All this intrigue, sexual or otherwise, just isn’t quite as visceral or as gripping as episodes 1 and 2, though, so it’s just as well that, when I begin to get restless, and in need of yet another one of those heart-in-my-boots action sequences, the show obliges. It’s obvious from the moment Shifty Rob pulls out of Julia’s St Matthews appearance that he’s setting Tahir up, and that something terrible is going to happen there. And so it does. Who’s dead? I don’t know. Who’s responsible? I have no idea. But I really want to find out. This third episode may not have been as good as the previous two, but the acting and the last ten minutes mean it’s the most exciting thing on the box right now. I’m hooked.

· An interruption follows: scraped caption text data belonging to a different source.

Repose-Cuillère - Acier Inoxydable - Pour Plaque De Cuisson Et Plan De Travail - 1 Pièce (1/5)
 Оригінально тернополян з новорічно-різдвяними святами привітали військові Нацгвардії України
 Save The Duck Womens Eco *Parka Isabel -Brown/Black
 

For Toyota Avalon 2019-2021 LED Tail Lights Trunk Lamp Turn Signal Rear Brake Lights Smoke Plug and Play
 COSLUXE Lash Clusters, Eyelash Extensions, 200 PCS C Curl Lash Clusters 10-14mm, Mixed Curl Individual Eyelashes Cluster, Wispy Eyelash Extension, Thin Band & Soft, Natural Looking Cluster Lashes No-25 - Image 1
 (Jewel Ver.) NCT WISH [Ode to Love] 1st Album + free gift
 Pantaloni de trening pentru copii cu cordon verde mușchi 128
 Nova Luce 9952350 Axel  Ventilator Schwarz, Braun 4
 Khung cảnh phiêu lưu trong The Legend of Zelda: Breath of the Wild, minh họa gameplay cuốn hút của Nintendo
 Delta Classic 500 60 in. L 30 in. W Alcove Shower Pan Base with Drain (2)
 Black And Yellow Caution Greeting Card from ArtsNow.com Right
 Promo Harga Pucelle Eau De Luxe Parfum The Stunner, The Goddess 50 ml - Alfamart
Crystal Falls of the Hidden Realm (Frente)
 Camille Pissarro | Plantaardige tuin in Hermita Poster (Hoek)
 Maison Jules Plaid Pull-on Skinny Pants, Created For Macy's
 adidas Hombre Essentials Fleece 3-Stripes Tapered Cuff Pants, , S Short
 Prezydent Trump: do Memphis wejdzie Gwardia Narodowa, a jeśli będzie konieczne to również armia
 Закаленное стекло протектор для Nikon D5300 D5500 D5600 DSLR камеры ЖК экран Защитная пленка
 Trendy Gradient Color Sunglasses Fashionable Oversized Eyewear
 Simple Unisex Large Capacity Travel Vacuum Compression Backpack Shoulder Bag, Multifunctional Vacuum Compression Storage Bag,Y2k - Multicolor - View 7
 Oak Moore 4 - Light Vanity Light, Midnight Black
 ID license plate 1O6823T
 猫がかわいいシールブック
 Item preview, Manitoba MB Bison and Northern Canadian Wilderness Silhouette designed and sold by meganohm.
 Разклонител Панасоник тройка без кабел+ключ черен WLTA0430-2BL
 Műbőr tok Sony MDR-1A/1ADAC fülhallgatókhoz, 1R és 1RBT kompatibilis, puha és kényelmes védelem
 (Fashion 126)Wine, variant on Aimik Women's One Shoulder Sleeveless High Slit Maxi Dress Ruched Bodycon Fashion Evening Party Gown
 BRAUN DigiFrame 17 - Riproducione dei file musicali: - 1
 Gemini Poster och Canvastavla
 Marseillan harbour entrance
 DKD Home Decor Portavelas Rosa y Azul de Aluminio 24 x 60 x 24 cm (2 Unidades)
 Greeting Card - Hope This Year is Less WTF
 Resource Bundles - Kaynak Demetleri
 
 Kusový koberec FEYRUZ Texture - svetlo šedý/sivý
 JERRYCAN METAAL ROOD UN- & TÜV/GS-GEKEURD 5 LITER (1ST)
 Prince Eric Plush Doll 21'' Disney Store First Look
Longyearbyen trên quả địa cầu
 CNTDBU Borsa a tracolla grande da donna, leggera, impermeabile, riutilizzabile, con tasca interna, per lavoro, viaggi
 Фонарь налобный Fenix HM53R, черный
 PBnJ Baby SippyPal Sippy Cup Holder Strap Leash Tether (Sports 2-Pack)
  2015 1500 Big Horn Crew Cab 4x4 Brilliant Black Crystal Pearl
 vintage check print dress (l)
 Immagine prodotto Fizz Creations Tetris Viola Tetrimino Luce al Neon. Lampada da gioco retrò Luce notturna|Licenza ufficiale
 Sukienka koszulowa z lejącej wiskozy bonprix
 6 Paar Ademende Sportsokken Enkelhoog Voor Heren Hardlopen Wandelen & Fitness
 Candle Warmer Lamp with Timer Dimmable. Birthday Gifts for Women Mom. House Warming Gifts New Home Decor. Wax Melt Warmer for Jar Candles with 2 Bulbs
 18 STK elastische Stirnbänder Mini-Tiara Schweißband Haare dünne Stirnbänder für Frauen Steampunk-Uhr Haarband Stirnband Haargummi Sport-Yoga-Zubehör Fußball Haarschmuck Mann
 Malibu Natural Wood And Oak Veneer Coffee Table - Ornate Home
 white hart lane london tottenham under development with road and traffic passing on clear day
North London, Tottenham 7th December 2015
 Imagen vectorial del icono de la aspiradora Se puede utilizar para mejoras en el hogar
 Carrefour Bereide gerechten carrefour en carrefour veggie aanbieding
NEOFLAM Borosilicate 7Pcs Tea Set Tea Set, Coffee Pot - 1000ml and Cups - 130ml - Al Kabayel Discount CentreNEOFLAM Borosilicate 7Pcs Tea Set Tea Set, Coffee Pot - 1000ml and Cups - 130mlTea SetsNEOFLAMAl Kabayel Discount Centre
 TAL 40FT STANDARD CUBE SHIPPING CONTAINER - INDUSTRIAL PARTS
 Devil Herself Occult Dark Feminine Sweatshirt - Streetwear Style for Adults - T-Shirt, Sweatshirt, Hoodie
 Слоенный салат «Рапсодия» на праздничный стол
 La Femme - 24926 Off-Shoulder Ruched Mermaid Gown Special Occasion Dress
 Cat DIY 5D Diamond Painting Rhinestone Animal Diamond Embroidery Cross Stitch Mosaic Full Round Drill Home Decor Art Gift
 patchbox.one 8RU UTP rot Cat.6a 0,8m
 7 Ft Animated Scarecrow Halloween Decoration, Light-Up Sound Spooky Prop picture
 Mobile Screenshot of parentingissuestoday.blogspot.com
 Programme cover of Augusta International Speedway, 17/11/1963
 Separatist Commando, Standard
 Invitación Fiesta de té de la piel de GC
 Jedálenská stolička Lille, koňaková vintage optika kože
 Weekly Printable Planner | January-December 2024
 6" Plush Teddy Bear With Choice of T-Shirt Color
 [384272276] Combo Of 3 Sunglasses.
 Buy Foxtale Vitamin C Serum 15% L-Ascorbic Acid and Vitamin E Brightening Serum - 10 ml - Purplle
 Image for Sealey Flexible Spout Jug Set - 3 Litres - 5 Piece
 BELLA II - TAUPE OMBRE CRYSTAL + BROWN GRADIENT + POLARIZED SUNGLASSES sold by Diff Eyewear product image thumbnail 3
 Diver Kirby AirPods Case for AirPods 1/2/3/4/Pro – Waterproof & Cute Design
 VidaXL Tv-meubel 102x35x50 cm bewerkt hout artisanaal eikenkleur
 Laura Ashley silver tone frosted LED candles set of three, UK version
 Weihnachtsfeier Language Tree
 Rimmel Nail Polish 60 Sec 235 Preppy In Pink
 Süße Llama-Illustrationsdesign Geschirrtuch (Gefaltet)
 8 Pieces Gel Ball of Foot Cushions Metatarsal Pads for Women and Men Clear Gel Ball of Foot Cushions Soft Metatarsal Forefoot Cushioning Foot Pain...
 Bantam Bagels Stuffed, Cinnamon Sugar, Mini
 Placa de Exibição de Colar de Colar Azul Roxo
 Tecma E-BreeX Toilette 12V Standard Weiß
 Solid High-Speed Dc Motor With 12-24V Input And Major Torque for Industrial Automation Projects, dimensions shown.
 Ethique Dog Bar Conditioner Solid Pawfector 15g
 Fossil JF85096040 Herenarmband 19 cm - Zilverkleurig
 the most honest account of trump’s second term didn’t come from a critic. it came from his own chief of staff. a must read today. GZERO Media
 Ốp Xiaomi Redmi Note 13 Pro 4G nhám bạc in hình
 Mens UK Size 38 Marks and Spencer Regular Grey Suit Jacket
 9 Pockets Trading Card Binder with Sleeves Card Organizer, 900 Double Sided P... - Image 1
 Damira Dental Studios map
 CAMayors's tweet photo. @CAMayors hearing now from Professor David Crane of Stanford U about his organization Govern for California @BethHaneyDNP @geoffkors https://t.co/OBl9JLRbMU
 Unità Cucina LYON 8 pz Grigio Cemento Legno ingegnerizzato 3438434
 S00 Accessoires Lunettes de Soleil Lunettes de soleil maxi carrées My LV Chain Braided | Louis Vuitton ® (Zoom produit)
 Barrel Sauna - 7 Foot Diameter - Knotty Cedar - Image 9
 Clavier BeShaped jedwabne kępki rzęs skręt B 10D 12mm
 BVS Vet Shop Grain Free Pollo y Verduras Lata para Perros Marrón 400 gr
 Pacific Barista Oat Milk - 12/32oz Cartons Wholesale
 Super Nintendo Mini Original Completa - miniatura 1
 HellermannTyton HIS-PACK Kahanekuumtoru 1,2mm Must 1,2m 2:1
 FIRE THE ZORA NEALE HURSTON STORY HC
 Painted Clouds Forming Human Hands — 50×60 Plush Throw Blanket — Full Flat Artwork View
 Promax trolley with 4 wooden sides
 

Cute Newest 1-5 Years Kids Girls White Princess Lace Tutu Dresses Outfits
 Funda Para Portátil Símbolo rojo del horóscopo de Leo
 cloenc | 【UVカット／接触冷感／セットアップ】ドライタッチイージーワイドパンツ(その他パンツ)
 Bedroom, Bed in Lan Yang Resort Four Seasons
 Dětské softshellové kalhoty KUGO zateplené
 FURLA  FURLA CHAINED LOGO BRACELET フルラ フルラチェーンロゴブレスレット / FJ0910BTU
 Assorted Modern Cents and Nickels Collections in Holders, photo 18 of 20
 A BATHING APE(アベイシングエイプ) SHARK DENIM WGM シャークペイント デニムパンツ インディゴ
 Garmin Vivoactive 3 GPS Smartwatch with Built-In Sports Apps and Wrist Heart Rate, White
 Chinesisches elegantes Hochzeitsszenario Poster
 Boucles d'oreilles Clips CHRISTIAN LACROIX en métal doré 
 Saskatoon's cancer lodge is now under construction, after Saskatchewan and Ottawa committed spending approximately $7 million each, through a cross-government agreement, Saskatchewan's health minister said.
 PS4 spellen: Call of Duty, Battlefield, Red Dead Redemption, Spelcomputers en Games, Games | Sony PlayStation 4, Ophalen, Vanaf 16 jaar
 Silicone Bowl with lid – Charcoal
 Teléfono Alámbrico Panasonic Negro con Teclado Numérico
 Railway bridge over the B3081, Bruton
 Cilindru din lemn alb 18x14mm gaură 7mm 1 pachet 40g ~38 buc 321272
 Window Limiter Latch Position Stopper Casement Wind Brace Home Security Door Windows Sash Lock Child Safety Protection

Public Service Announcement 32 of 2018: Vanity Fair

On one view, a new adaptation of Thackeray’s classic Vanity Fair with its unapologetically ruthless female lead refusing to let class, poverty and gender get in the way of what she wants, sounds very timely – for a 19th-century novel, Becky Sharp is a very 21st-century anti-heroine. As far as I’m concerned, though, ITV1’s latest version (beginning tonight, Sunday, 9pm with episode 2 tomorrow) comes too late, for a couple of reasons. The first being wholly personal: I watched the BBC version with Natasha Little years ago, I made it two-thirds of the way through the book before I couldn’t take it any more, and I deliberately avoided the Mira Nair film on the basis that, although it looked very promising, I’d had enough of this particular story which I didn’t really like in the first place. In short, I really don’t need any more versions of Vanity Fair in my life. The second reason is a bit more practical: Bodyguard started last Sunday, so a large chunk of the available audience (including me) already has Richard Madden/Keeley Hawes-related plans for tonight’s 9pm slot, thanks.

Having said all that, though, Vanity Fair boasts an impressive cast including Suranne Jones, Simon Russell Beale and Michael Palin, with Olivia Cooke (who was excellent in Me, Earl and the Dying Girl) as the irrepressible Becky herself, and production company Mammoth‘s recent run of successes (including Poldark, Victoria and Parade’s End) shows they know their way around a period drama. So if you’re in the market for a lavishly-costumed social satire with a very sharp (sorry) edge, dive on in. This water’s got a lot of bite.